Jan Kowalski pojawia się na ekranie mojego telewizora i wyjaśnia mi zawiłości współczesnego handlu. Nie wiem, kim jest Jan Kowalski, ponieważ pod jego nazwiskiem figuruje dopisek „niezależny ekspert”.
Jan Kowalski pojawia się na ekranie mojego telewizora i wyjaśnia mi zawiłości współczesnego handlu. Nie wiem, kim jest Jan Kowalski, ponieważ pod jego nazwiskiem figuruje dopisek „niezależny ekspert”. W pierwszej chwili pomyślałem, że oglądam publiczną telewizję, a tam jak diabeł święconej wody boją się wymieniania pełnej nazwy firmy, w której pracuje Jan Kowalski. Nie wiem, czy jest on właścicielem straganu na osiedlowym rynku, czy może prezesem światowej sieci handlowej. Każda z tych osób może być ekspertem ds. handlu, jednak waga ich opinii będzie znacząco różna. Z tego, co widzę, niezależni eksperci zdominowali ostatnio nasze media. Są coraz aktywniejsi.

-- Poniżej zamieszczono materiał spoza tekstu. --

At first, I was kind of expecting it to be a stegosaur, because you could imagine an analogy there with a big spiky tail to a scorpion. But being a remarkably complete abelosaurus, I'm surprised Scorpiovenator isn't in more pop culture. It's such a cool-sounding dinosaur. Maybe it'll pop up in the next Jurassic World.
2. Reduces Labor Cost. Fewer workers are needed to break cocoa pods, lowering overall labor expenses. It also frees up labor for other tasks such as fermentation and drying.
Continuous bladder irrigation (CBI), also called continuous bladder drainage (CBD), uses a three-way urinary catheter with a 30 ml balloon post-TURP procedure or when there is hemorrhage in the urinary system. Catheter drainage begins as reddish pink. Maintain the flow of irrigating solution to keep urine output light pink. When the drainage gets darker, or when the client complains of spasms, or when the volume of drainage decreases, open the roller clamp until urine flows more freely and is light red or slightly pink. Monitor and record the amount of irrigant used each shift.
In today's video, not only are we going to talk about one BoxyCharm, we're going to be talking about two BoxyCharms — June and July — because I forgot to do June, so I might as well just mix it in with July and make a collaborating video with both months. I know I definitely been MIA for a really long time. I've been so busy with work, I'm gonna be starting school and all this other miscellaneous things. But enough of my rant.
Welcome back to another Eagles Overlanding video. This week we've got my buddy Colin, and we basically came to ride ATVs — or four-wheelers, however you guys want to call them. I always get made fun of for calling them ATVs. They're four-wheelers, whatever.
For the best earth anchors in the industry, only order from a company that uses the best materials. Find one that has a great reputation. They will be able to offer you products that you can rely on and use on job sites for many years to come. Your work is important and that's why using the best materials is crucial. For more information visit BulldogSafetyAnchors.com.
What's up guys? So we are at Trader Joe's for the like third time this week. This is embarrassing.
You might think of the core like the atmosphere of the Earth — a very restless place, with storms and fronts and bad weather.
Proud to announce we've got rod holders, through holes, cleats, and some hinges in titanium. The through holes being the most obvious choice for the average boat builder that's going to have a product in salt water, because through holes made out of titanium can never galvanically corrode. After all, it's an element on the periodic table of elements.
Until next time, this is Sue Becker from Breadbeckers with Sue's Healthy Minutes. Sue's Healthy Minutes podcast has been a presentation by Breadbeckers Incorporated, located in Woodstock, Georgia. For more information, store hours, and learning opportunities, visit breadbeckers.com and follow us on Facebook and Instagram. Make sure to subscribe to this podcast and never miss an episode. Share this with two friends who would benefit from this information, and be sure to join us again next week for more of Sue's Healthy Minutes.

Niezależni eksperci i niezależne instytucje usiłują przekonać nas do różnych zachowań lub uzasadniają słuszność albo nietrafność decyzji władz. Przekaz dla opinii publicznej jest dość jednoznaczny: stanowisko zaprezentowane przez niezależnego eksperta wolne jest od wpływu zarówno przeciwników, jak i zwolenników (np. politycznych) opiniowanego rozwiązania. Prezentowana ocena wolna jest zatem od lobbingu zainteresowanych stron. Bazuje ona jedynie na merytorycznych przesłankach oraz na wiedzy i doświadczeniu indywidualnych osób lub instytucji, które nie mają żadnego interesu w tym, aby opowiadać się za jakimś rozwiązaniem. Okazuje się jednak, że mają.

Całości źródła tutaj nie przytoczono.